Finding 2: People want fine-grained controls over the data they share with apps.
Action 2: We are launching more granular Google Account permissions that will show in individual dialog boxes.
"When an app prompts you for access to your Google account data, we always require that you see what data it has asked for, and you must grant it explicit permission," Google said.
"Going forward, consumers will get more fine-grained control over what account data they choose to share with each app. Instead of seeing all requested permissions in a single screen, apps will have to show you each requested permission, one at a time, within its own dialog box. For example, if a developer requests access to both calendar entries and Drive documents, you will be able to choose to share one but not the other."
"This is what the process looks like today when an app requests access to any data in your consumer Google account (you've always been able to choose whether to grant that permission request):
Finding 3: When users grant apps access to their Gmail, they do so with certain use cases in mind.
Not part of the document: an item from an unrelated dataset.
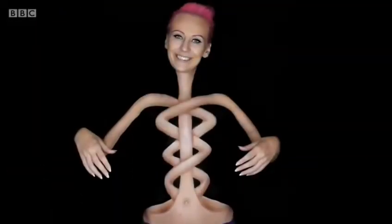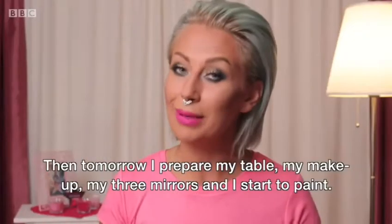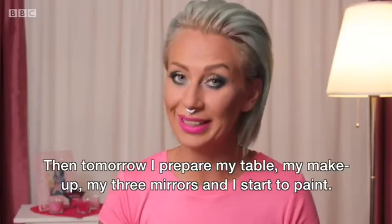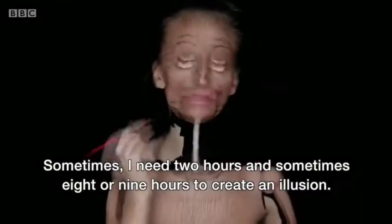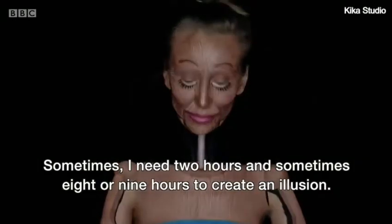Then tomorrow I'm preparing my table, my makeup, my all three mirrors and I'm starting to paint. Sometimes I need two hours and sometimes I need eight or nine hours to create an illusion.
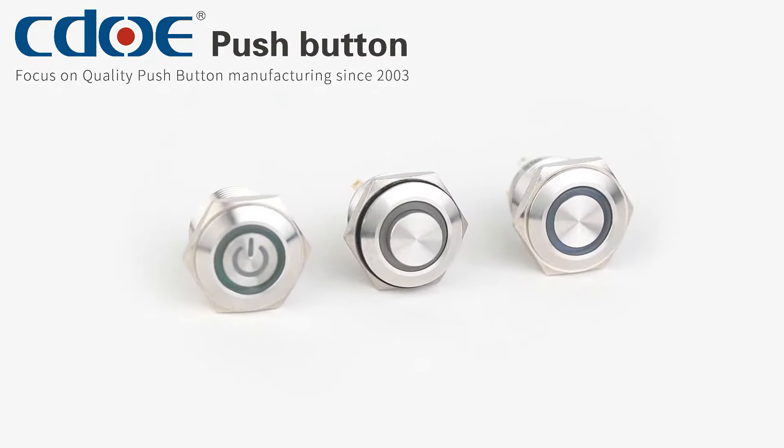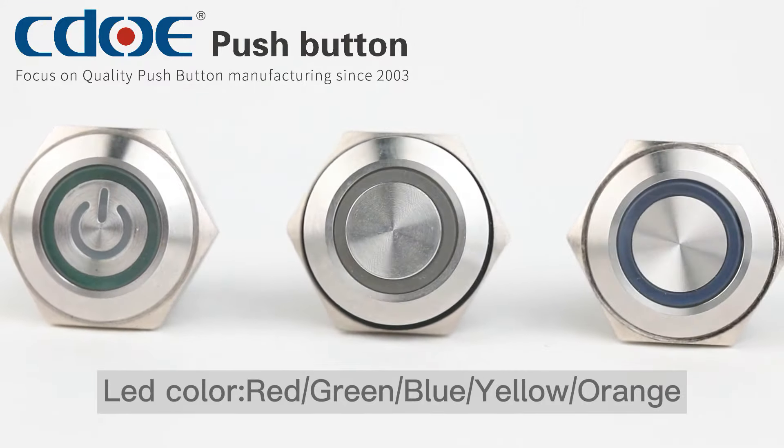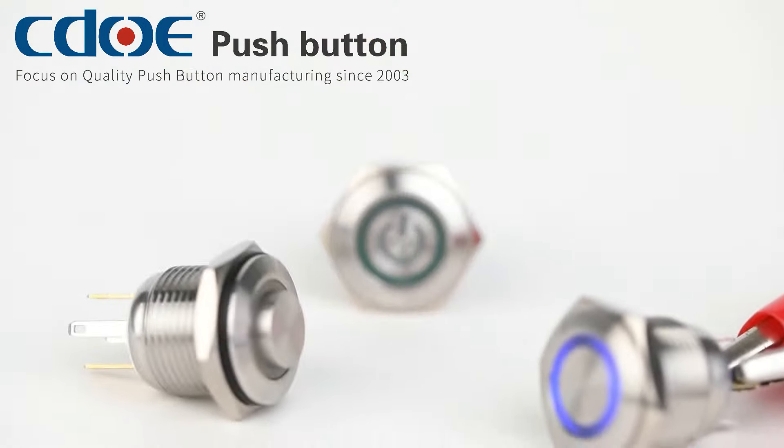16mm Momentary Metal Push Button Switch with LED. A variety of head types. The shell is made of 304 stainless steel, and the silver contacts are normally open terminals.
Action 3: We are limiting the types of use cases that are permitted.
"We are updating our User Data Policy for the consumer Gmail API to limit the apps that may seek permission to access your consumer Gmail data. Only apps directly enhancing email functionality—such as email clients, email backup services and productivity services (e.g., CRM and mail merge services)—will be authorized to access this data. Moreover, these apps will need to agree to new rules on handling Gmail data and will be subject to security assessments. Developers can read more details on the Gmail Developer Blog. (As always, G Suite administrators are in control of their users’ apps.)," said Google.
"You can always review and control which apps have access to your Google account data (including Gmail) within our Security Checkup tool."
Finding 4: When users grant SMS, Contacts and Phone permissions to Android apps, they do so with certain use cases in mind.
Action 4: We are limiting apps’ ability to receive Call Log and SMS permissions on Android devices, and are no longer making contact interaction data available via the Android Contacts API.
"Some Android apps ask for permission to access a user’s phone (including call logs) and SMS data. Going forward, Google Play will limit which apps are allowed to ask for these permissions. Only an app that you’ve selected as your default app for making calls or text messages will be able to make these requests. (There are some exceptions—e.g., voicemail and backup apps,) said the Google statement.
"Additionally, as part of the Android Contacts permission, we had provided basic interaction data—so, for example, a messaging app could show you your most recent contacts. We will remove access to contact interaction data from the Android Contacts API within the next few months."
"In the coming months, we’ll roll out additional controls and update policies across more of our APIs. As we do so, we’ll work with our developer partners to give them appropriate time to adjust and update their apps and services," said Google.
"Our goal is to support a wide range of useful apps, while ensuring that everyone is confident that their data is secure. By giving developers more explicit rules of the road, and helping users control your data, we can ensure that we keep doing just that."